Setup Single Sign On and remove storage of sensitive information from a user

[JamieSullivan12]

Setup SSO with the University of St Andrews to allow for a seamless login experience.

[pgmccann]

I wonder if we could just let Apache handle the SSO, and Flask could just pick up the user details as per https://stackoverflow.com/questions/20940651/how-to-access-apache-basic-authentication-user-in-flask

[pgmccann]

To clarify:

If everything bar the login page is only visible to logged-in users, we can get rid of the login form and have Apache (which is proxying all the traffic anyway and which is already configured on the production server to use SSO) restrict access to the application to SSO users with specified usernames.

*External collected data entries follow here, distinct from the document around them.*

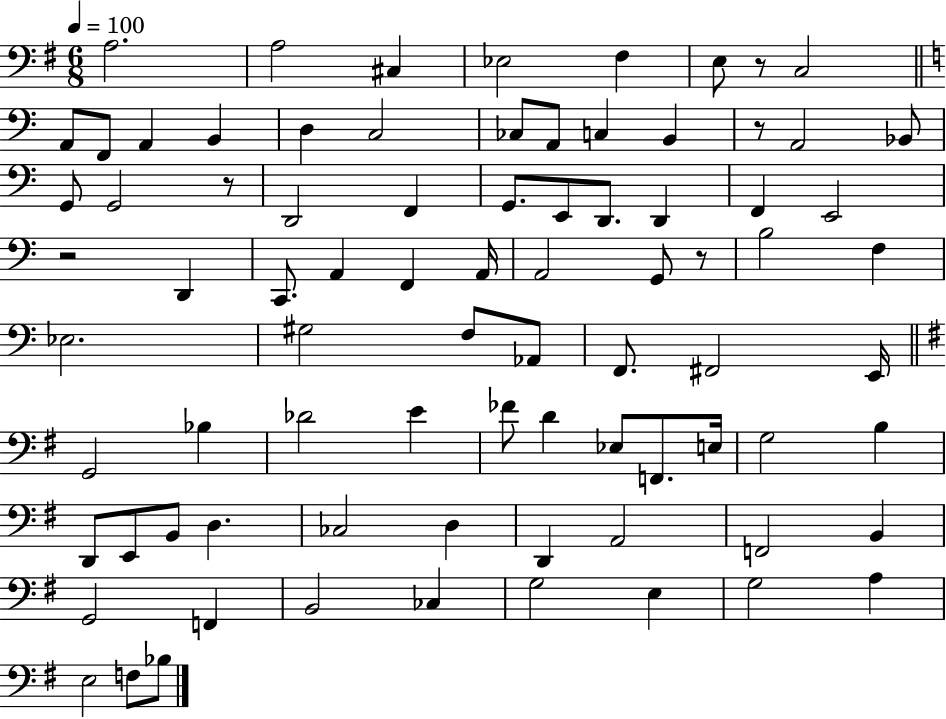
A3/h. A3/h C#3/q Eb3/h F#3/q E3/e R/e C3/h A2/e F2/e A2/q B2/q D3/q C3/h CES3/e A2/e C3/q B2/q R/e A2/h Bb2/e G2/e G2/h R/e D2/h F2/q G2/e. E2/e D2/e. D2/q F2/q E2/h R/h D2/q C2/e. A2/q F2/q A2/s A2/h G2/e R/e B3/h F3/q Eb3/h. G#3/h F3/e Ab2/e F2/e. F#2/h E2/s G2/h Bb3/q Db4/h E4/q FES4/e D4/q Eb3/e F2/e. E3/s G3/h B3/q D2/e E2/e B2/e D3/q. CES3/h D3/q D2/q A2/h F2/h B2/q G2/h F2/q B2/h CES3/q G3/h E3/q G3/h A3/q E3/h F3/e Bb3/e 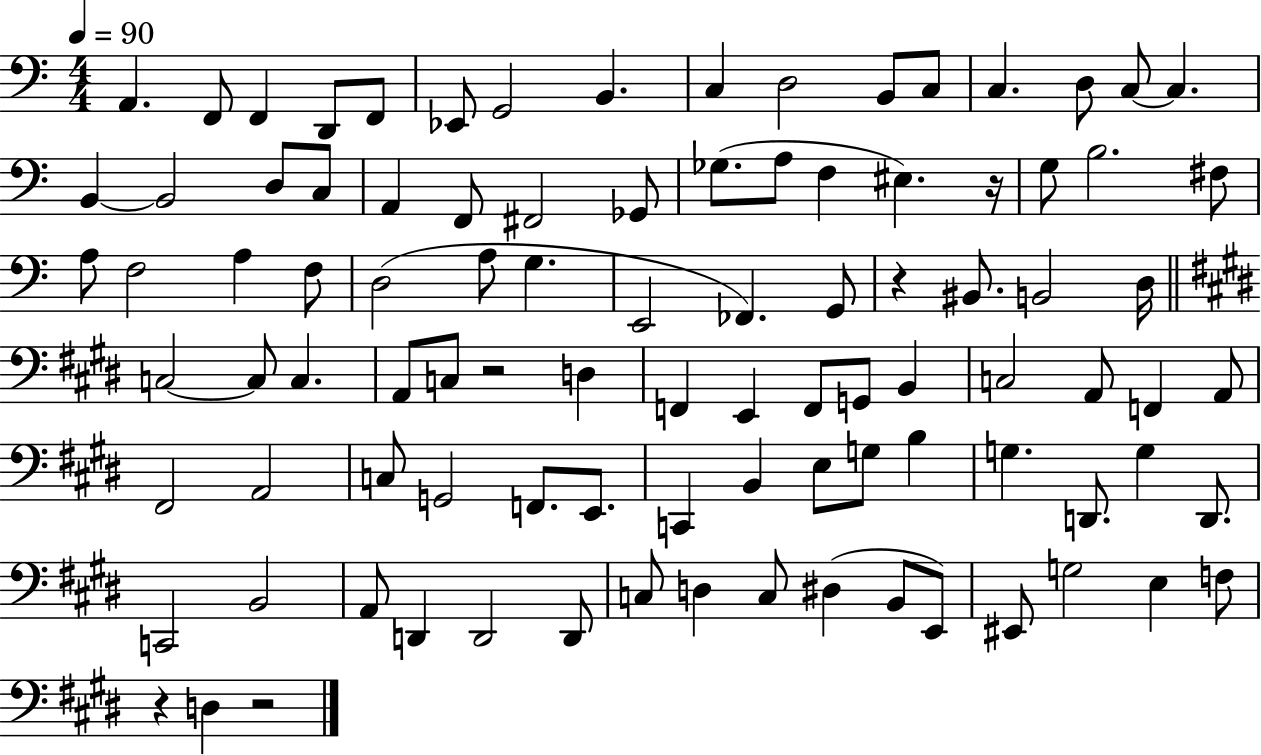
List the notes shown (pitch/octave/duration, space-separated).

A2/q. F2/e F2/q D2/e F2/e Eb2/e G2/h B2/q. C3/q D3/h B2/e C3/e C3/q. D3/e C3/e C3/q. B2/q B2/h D3/e C3/e A2/q F2/e F#2/h Gb2/e Gb3/e. A3/e F3/q EIS3/q. R/s G3/e B3/h. F#3/e A3/e F3/h A3/q F3/e D3/h A3/e G3/q. E2/h FES2/q. G2/e R/q BIS2/e. B2/h D3/s C3/h C3/e C3/q. A2/e C3/e R/h D3/q F2/q E2/q F2/e G2/e B2/q C3/h A2/e F2/q A2/e F#2/h A2/h C3/e G2/h F2/e. E2/e. C2/q B2/q E3/e G3/e B3/q G3/q. D2/e. G3/q D2/e. C2/h B2/h A2/e D2/q D2/h D2/e C3/e D3/q C3/e D#3/q B2/e E2/e EIS2/e G3/h E3/q F3/e R/q D3/q R/h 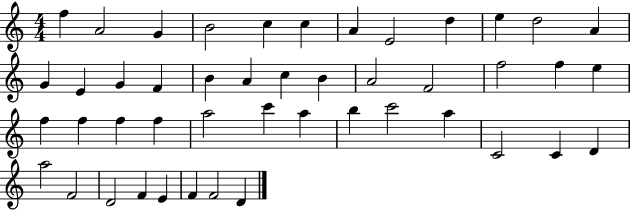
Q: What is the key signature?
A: C major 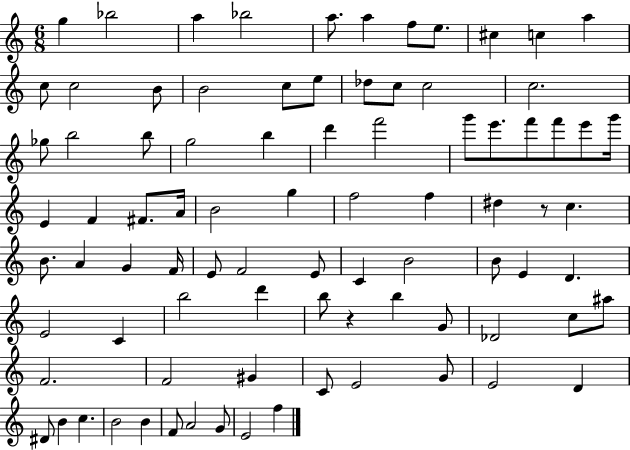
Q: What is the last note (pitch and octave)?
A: F5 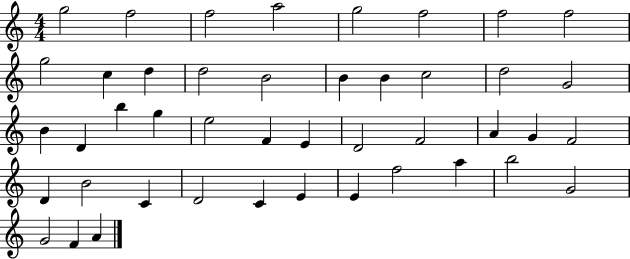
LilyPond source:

{
  \clef treble
  \numericTimeSignature
  \time 4/4
  \key c \major
  g''2 f''2 | f''2 a''2 | g''2 f''2 | f''2 f''2 | \break g''2 c''4 d''4 | d''2 b'2 | b'4 b'4 c''2 | d''2 g'2 | \break b'4 d'4 b''4 g''4 | e''2 f'4 e'4 | d'2 f'2 | a'4 g'4 f'2 | \break d'4 b'2 c'4 | d'2 c'4 e'4 | e'4 f''2 a''4 | b''2 g'2 | \break g'2 f'4 a'4 | \bar "|."
} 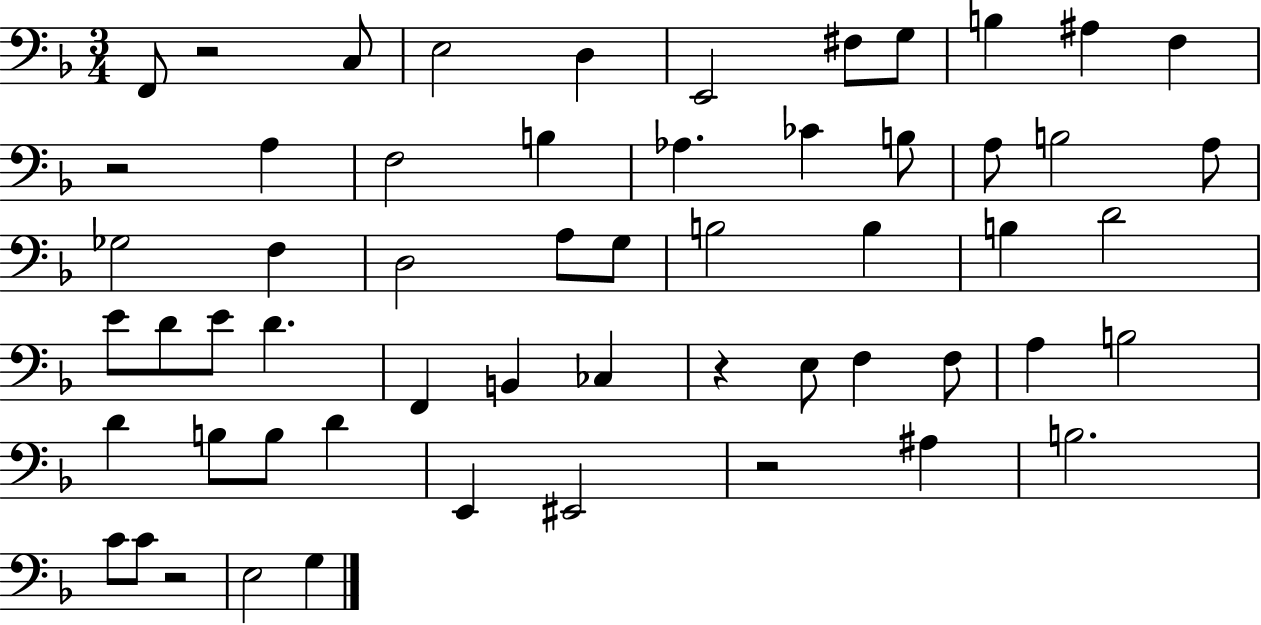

The Flask application should then be able to use

request.environ.get('REMOTE_USER')

to identify the authenticated user.

[JamieSullivan12]

Hi Patrick. Thanks for this. It certainly seems simple to implement. Never having done this before, however, means I am still unsure as to how this would logistically be implemented. My first thoughts are:

• Will the system environment variable return some form of permanent logged in user ID? Or the email? Or something else? If so then our program can store these
• If so, our program can just store these permanent IDs in MariaDB along with their role permission levls
• If not, how would you suggest to implement these access permissions

The program also has facility to create temporary view-only programs - all the code for this is functional and implemented, however the need for a login page still exists.

Perhaps we can do a 30 minute MS Teams call (or in person - I can come to Guardbridge) to discuss this?